I knelt down before him and looked up at him. Normally I don't like kneeling, but at that moment all I wanted was to kneel at this man's feet and serve his cock with me mouth. We made eye contact. I leaned forward, grasped his dick, and took his hard cock into my mouth. His skin was soft and smooth, but his cock was hard and firm. The warm shower water poured over me. He felt clean and smelled great.
I worked him with my mouth. He told me to tongue him. Not understanding, I licked the underside of his shaft.
"No," he told me roughly. "Tongue the underside of my head."
I immediately obeyed. He relaxed with a sigh that was part moan, making me feel even sexier and more confident.
For once, I
loved giving him head. I wanted to serve him. It was intimate and sexy. It was a way to give back to him. It was a way to show him how great and submissive he had made me feel. I sucked diligently on him, reveling in the way my newly pregnant body looked to him as I gazed up at him from my knees, hot water cascading down my shoulders and over my breasts.
I wanted to do more. I grabbed the soap and soaped his balls. I love the way his skin feels when it is wet and soapy in the shower. I massaged his balls, thighs, and lower abdomen.
I wanted to serve him more. I soaped up my hands and washed his legs, stomach, arms, and then feet, still bobbing up and down on his cock. I paid special attention to his feet, which suddenly seemed an especially submissive place to clean him, and since we were in the shower I didn't get my usual ick-factor with feet (or penises). It was hard because I could not look down, but I did it. I knew if I didn't get him 100% clean he would not be upset.

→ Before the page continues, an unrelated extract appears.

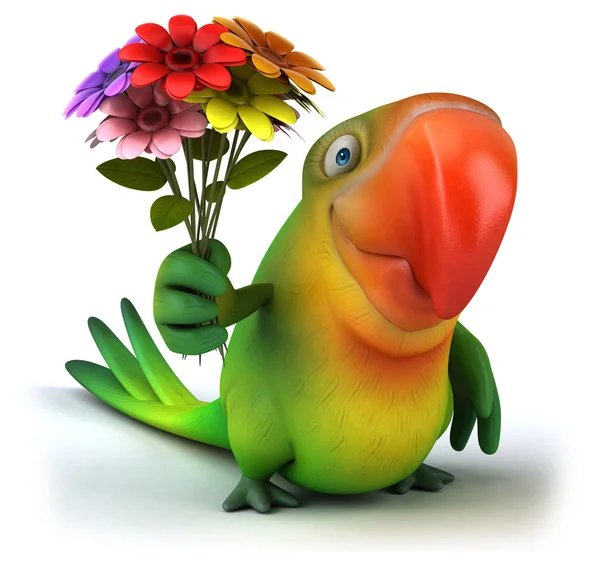 꽃으로 앵무새 놀이 — 스톡 사진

When I was out of places to wash him, I still wasn't done showing him how submissive I felt. I wasn't sure what else to do. So I took a deep breath, relaxed my throat, told myself that he loved me, and slowly leaned forward until my lips touched the skin of his balls. He gasped. I gagged a bit, backed up, and said with a huge grin, "I didn't do it all the way, but it worked!" He told me I was doing a great job and encouraged me to keep going.

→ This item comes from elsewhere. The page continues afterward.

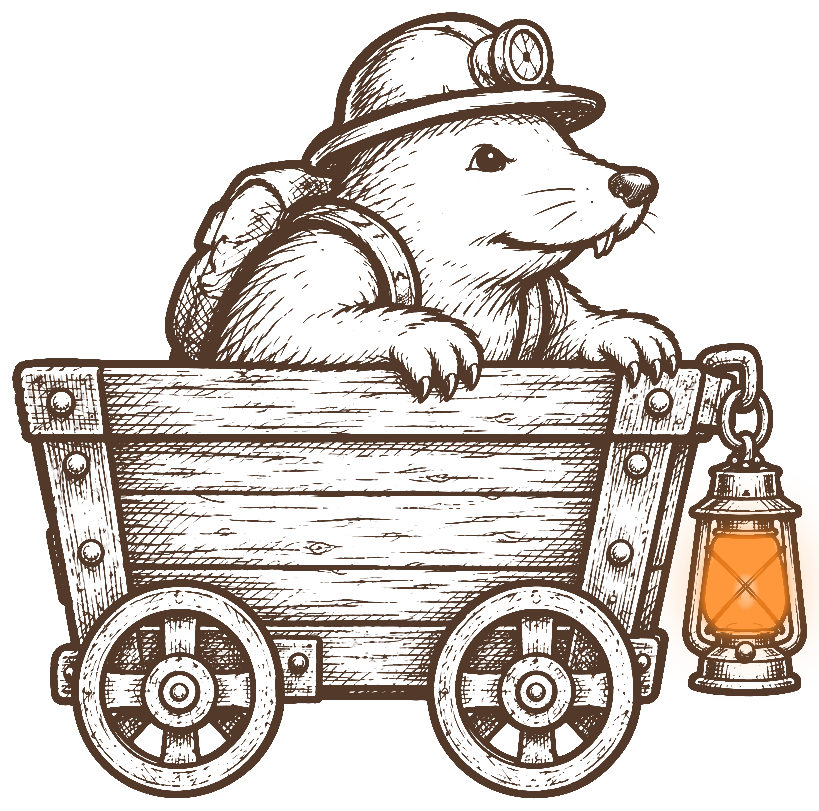 Your mole rides a mine cart, lantern lit.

Now, I have never been able to deepthroat. Still can't, actually. Long-standing abuse issues make my gag reflex too sensitive, either having a dick near the back of my mouth or tasting cum or pre-cum. It's a real bummer during oral sex. But if my Dom wants me to get over these issues, some day I hope I can for him. Perhaps it's something we could work on in training.

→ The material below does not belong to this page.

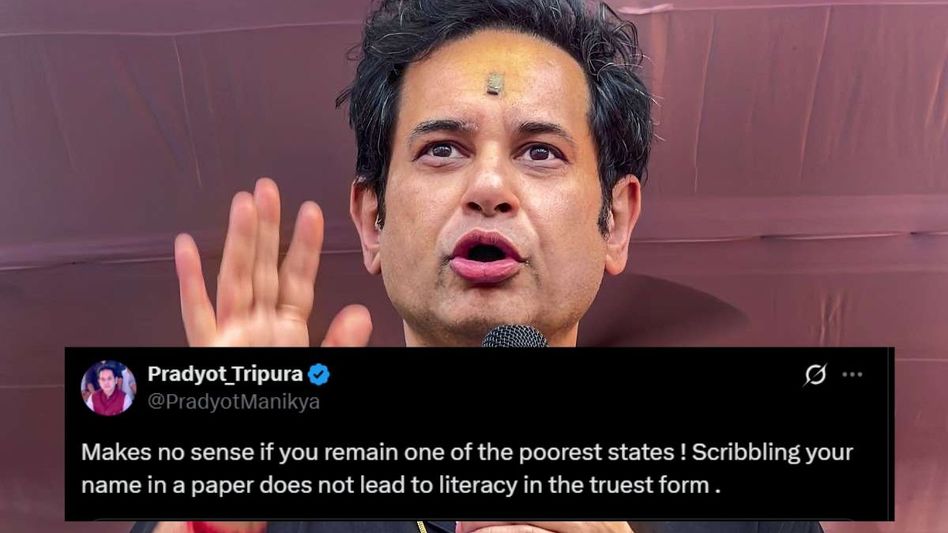 “Scribbling your name isn’t true literacy”: Pradyot Manikya on Tripura’s edu milestone “Scribbling your name isn’t true literacy”: Pradyot Manikya on Tripura’s edu milestone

Well anyway, this day, I got close. I leaned in, hot water still pouring around me and making everything clean and fresh, and I wished I could relax more and take him deep into my throat. I wished I could close my adoring lips around his balls and kiss them to show him how much he meant to me. (Sadly, as far as I know it is impossible to kiss someone's balls when your lips are already forced open around his shaft.)
Jake'skajira says she and her Master are working on a 30-day challenge where she will kneel before him, open and exposed and vulnerable, every night. She says it makes him aroused when he sees her exposed to him that way. I asked her about it, and she told me that sometimes, he will get so aroused that he comes to her and fucks her mouth. For the first time in my life, I could understand how a submissive could long to service her Master in this way. How a woman could long, from deep within her pussy, to open her mouth and receive him and feel his cum slide down her throat and kiss his balls and let him fuck her willing, open mouth because, deep within her owned soul, she longs to show him the kind of service he makes her willing to give.